The authors addressed all the comments from my previous review, and I believe the paper is now easier to follow thanks to the improvements in the definitions and the additional examples.
However, I recommend a revision considering the work recently accepted for publication by the same first author ("An Algebraic Foundation for Knowledge Graph Construction"), which presents another similar but different formalization of the KG construction process.
I believe this paper still represents a valid contribution, considering the implementation and evaluation of the proposed formalisation through the described tools. However, a comparison is necessary to justify the original contributions of this work (e.g., as part of the related work section) and outline the potential future work towards a single formalisation of the KG construction process.

Review #2
By Jose Emilio Labra-Gayo submitted on 27/Apr/2025
Suggestion:
Minor Revision
Review Comment:

Given that I have already done a review on the previous version, in this new review I can indicate that the authors addressed most of my comments and refer to my general assessment from the previous version.

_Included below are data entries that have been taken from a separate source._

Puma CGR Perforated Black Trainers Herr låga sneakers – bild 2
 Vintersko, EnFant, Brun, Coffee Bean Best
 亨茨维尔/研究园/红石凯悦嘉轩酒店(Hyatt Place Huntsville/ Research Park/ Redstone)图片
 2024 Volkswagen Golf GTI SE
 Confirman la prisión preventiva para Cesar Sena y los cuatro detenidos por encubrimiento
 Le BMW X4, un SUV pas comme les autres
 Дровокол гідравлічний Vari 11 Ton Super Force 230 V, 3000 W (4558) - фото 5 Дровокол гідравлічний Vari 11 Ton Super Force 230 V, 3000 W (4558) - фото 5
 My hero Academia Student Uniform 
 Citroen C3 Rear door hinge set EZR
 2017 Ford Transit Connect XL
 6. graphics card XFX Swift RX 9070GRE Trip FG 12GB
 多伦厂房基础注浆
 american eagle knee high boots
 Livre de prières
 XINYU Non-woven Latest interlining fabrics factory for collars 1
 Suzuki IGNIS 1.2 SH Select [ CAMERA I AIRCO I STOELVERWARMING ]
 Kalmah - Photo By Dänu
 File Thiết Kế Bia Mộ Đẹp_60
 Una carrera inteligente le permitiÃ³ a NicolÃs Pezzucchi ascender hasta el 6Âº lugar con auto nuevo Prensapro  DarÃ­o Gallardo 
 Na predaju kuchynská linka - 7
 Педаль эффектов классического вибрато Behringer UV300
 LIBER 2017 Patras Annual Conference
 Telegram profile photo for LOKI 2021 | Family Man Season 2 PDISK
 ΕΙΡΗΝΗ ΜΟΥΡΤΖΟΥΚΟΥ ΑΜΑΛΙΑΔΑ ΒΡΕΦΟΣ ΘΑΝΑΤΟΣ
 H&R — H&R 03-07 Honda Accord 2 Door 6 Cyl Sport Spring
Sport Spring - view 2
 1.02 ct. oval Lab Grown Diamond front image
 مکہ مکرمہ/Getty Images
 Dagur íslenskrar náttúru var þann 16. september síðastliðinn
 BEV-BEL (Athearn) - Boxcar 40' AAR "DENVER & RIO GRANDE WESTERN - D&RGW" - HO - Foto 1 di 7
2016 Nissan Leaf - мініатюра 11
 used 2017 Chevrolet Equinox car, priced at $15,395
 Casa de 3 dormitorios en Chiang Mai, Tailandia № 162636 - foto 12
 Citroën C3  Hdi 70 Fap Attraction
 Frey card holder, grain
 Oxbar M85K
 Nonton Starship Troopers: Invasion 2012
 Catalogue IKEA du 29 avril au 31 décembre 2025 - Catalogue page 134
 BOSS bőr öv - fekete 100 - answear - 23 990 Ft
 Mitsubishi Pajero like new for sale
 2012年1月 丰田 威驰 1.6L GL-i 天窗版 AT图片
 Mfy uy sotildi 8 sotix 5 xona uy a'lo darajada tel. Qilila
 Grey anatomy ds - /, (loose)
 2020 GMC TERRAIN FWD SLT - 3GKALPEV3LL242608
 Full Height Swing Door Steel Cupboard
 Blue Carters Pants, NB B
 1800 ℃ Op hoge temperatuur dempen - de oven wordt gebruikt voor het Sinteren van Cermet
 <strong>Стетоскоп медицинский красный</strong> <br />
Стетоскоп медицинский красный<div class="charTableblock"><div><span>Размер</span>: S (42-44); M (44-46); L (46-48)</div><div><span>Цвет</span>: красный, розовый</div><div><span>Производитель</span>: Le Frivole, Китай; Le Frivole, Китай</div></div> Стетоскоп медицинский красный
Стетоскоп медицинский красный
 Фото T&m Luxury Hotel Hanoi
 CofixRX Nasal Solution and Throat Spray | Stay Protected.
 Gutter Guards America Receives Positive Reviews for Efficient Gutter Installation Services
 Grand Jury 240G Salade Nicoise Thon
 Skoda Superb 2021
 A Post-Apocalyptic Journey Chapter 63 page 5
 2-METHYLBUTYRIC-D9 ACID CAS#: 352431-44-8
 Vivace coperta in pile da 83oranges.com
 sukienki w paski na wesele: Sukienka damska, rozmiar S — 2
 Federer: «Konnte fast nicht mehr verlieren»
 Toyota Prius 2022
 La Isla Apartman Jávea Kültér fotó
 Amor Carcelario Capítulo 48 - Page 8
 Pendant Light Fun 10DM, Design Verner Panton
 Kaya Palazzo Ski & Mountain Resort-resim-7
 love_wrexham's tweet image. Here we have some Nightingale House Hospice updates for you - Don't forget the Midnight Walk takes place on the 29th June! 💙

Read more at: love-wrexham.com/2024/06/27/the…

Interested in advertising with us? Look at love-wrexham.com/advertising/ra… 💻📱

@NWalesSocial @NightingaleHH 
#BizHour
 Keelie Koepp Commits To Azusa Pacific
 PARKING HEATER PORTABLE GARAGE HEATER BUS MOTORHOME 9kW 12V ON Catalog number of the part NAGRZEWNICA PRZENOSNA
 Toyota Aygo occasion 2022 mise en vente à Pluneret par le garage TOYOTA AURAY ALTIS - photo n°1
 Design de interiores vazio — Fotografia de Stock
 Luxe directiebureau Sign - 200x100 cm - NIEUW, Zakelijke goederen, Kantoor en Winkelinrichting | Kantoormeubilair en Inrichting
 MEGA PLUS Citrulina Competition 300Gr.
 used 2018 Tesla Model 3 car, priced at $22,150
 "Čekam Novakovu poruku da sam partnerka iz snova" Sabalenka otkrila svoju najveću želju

I think the authors have improved the paper's readability and I have only some minor concerns:

I noticed that the first authors of the paper has recently published another paper in Arxiv which I think has been accepted to the ESWC: https://arxiv.org/abs/2503.10385 , however, that paper is not cited from the current paper. I assume the reason is that the other paper was written after this one. Nevertheless, as some of the contents are related, I think it would make sense to add a paragraph or some comparison between the Arxiv version and the current paper.
Definition 1 indicates that a fragment is a submultiset with a reference to 34…I think it would be more readable if it was described as a subset of a multiset or some concept which could be more familiar to a reader without having to look to a multiset theory external reference..
The example in Listing 1 has the age of Susan Sue with value 23 but in table 1 the age of Susan Sue is 25…although I understand that they could be based on different data, I think it would probably be better if that value was the same. I wonder also, if the JSON data could also include information about Alice Joe to make it compatible with table 1.
In example 2 the projection uses the variables { ?name, ?pet,name and ?pet.type } which are shown in table 3 with a different order ?name, ?pet.type and ?pet.name, maybe better if they are in the same order.